EXERCISE OBJECTIVE:
Exactly reproduce the lines from the one holding "Brooks Glycerin Gts" through the end of the records, including both boundary lines but no pictures.
:: EXTRACTED ENTRIES
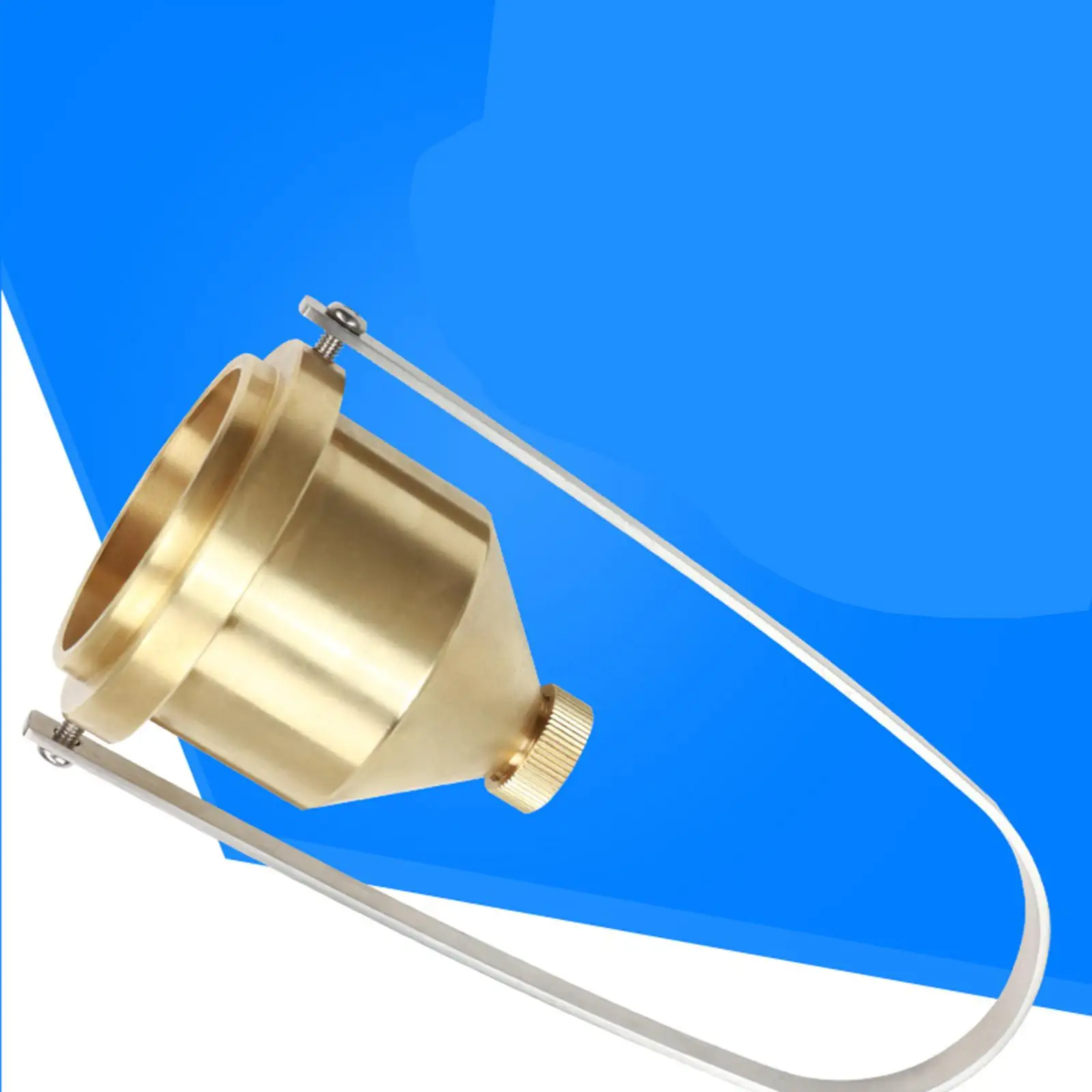 كوب لزوجة طلاء سطح المكتب خفيف الوزن وقوي كوب واحد نحاسي احترافي قوي لاختبار اللزوجة # 4 كوب لزوجة 100 مل #2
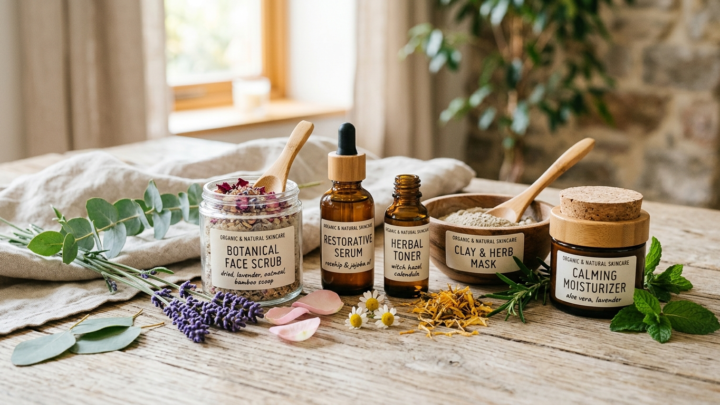 Naturlige hudpleje produkter der virker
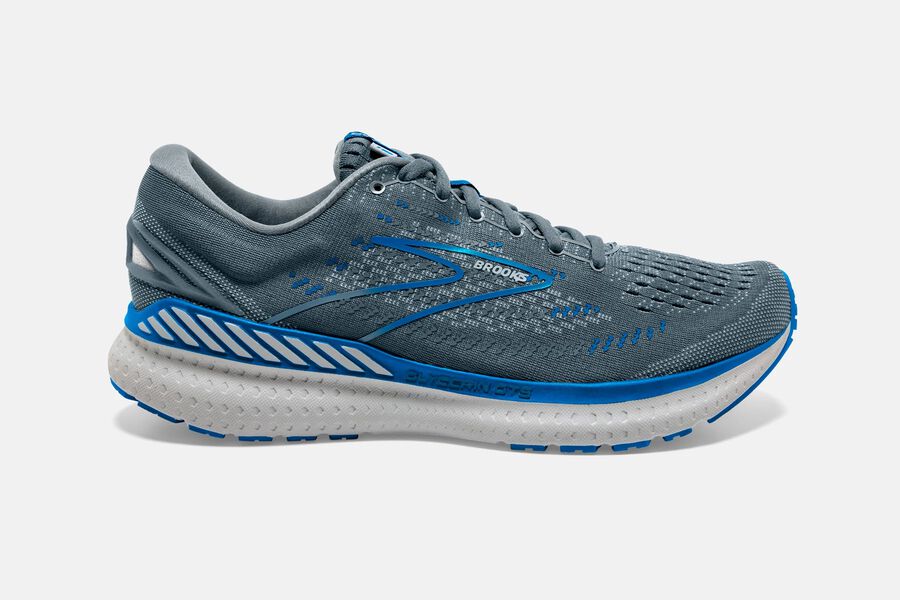 Brooks Glycerin Gts 19 Road Löparskor Herr - Grå/Blå - 5730-EHAJW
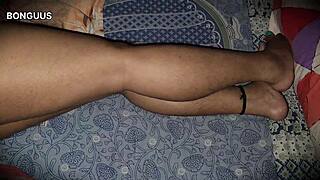 hey daddy, watch this hairy desi milf pussy get shared on our bed?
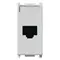 Vimar - 14339.15.SL - RJ45 Cat6A Netsafe UTP outlet Silver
::::
RESPONSE AREA:
 Brooks Glycerin Gts 19 Road Löparskor Herr - Grå/Blå - 5730-EHAJW
 hey daddy, watch this hairy desi milf pussy get shared on our bed?
 Vimar - 14339.15.SL - RJ45 Cat6A Netsafe UTP outlet Silver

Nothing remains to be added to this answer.